Calton v. Wright et al
Filing
14
ORDER ADOPTING 10 Report and Recommendations. Plaintiff Allen Caltons applications for leave to proceed IFP are hereby DENIED and this civil action is hereby DISMISSED with prejudice as to the refiling of another IFP lawsuit raising the same claims as herein presented, but without prejudice to the refiling of this lawsuit without seeking IFP status and upon payment of the statutory $350.00 filing fee. Should the Plaintiff pay the full filing fee within 15 days after the date of entry of f inal judgment in this case, he shall be allowed to proceed in the lawsuit as though the full fee had been paid from the outset. Any and all motions which may be pending in this action are hereby DENIED. Signed by Judge Leonard Davis on 08/01/12. cc:attys 8-01-12(mll, )

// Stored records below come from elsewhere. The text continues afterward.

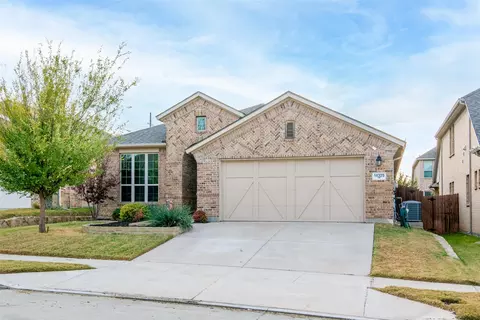14329 Tupper Trl, Roanoke, TX 76262
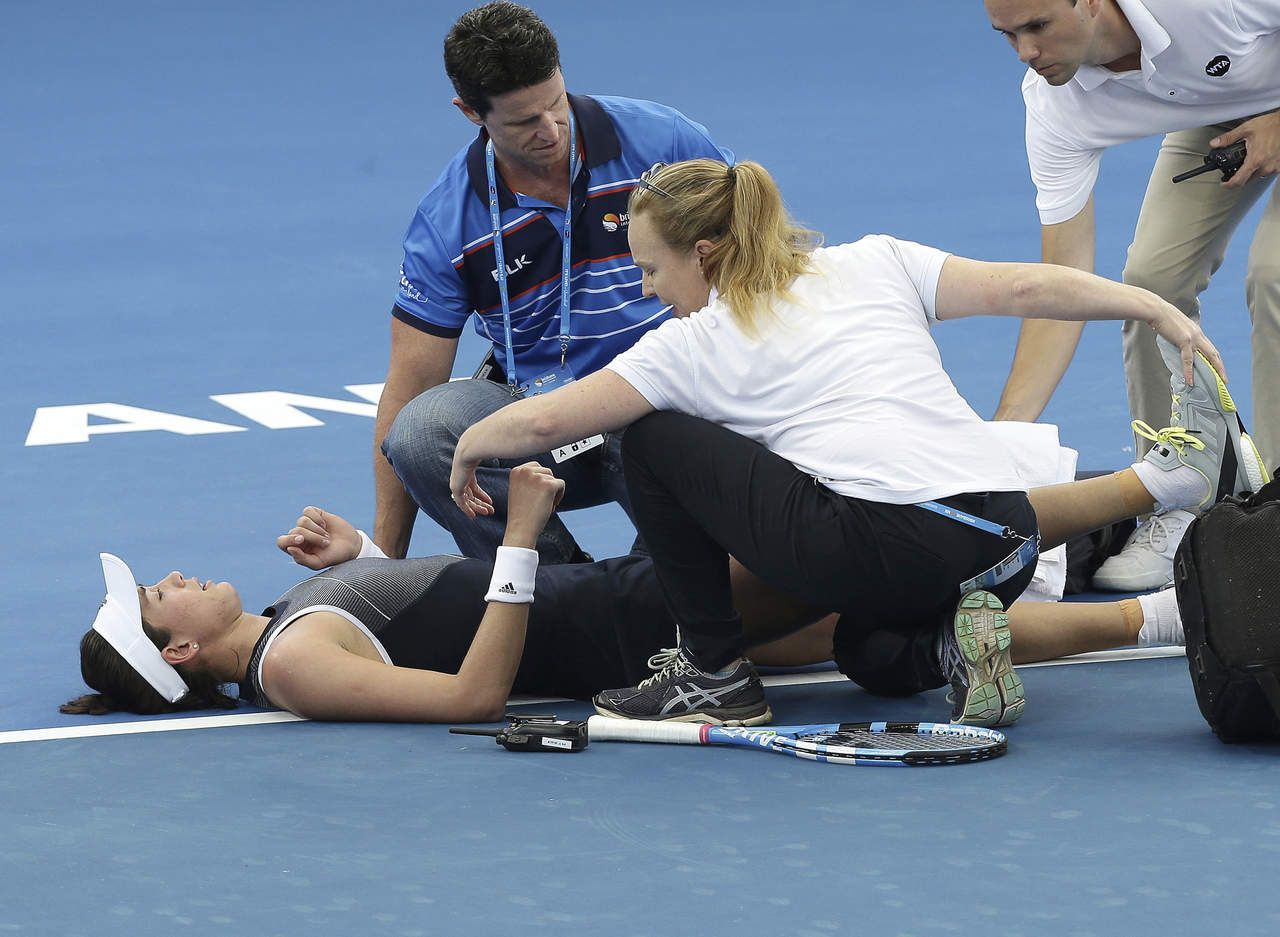 Garbiñe Muguruza tuvo que abandonar el torneo de Brisbane por intensos calambres. (AP)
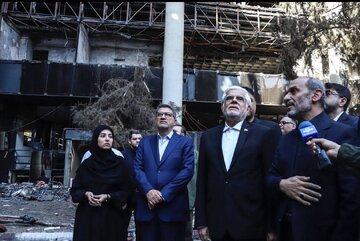 توصیه عارف به مدیران رسانه ملی: از مردم دنبالهروی کنید / وظیفه صداوسیما نقد دوطرفه است / انتظار از رسانه ملی قرائت واقعی از حوادث جنگ 12 روزه است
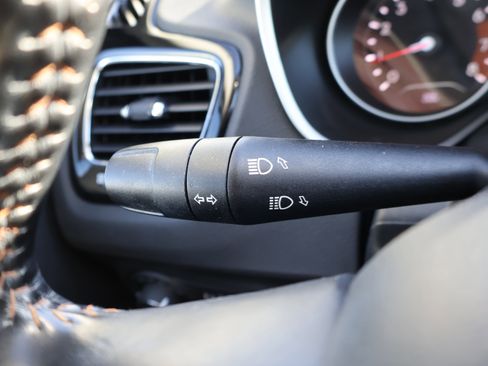 Used 2021 Jeep Compass Limited image 38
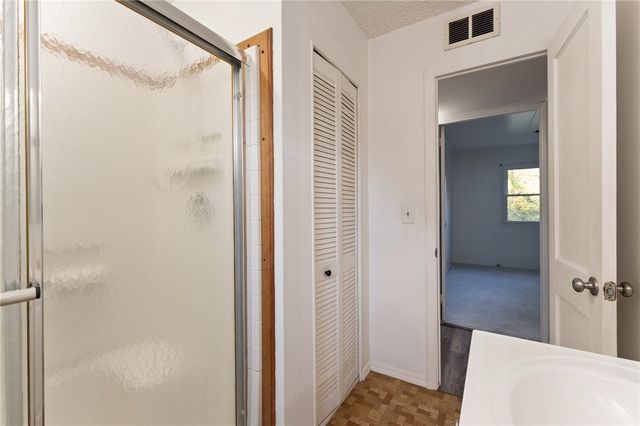 38 Pasadena Drive, Gates, NY 14606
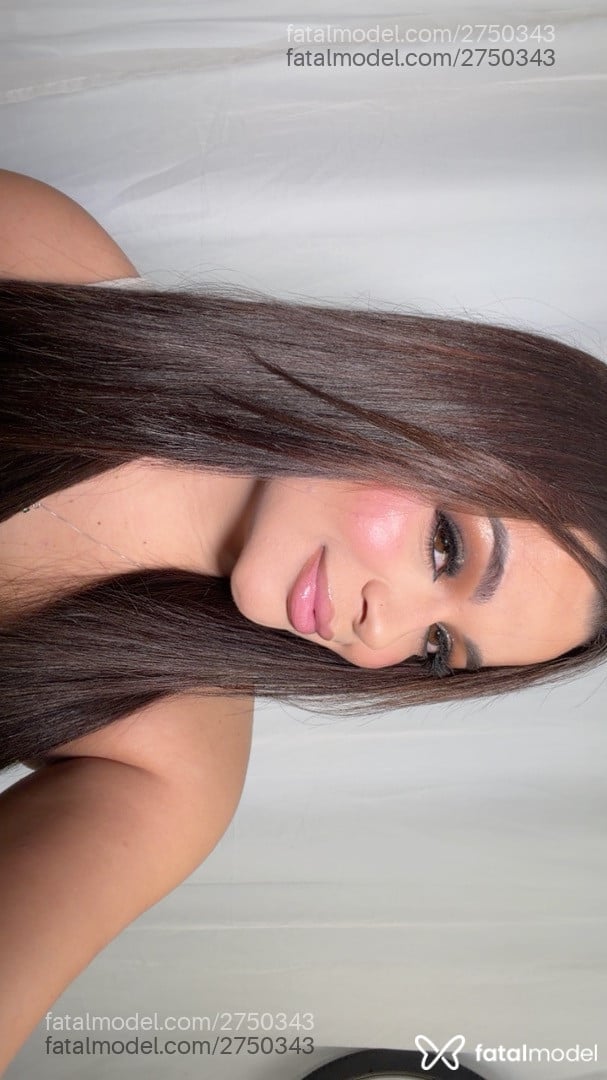 Acompanhante mulher morena (o) de olhos mel - Andressa Saavedra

IN THE UNITED STATES DISTRICT COURT
FOR THE EASTERN DISTRICT OF TEXAS
TYLER DIVISION
ALLEN F. CALTON #1123880
§
v.
§
DR. GARY WRIGHT, ET AL.
§
CIVIL ACTION NO. 6:12cv344
MEMORANDUM ADOPTING REPORT AND RECOMMENDATION
OF THE UNITED STATES MAGISTRATE JUDGE
AND ENTERING FINAL JUDGMENT
The Plaintiff Allen Calton, proceeding pro se, filed this civil rights lawsuit under 42
U.S.C. §1983 complaining of alleged violations of his constitutional rights. This Court ordered that
the case be referred to the United States Magistrate Judge pursuant to 28 U.S.C. §636(b)(1) and (3)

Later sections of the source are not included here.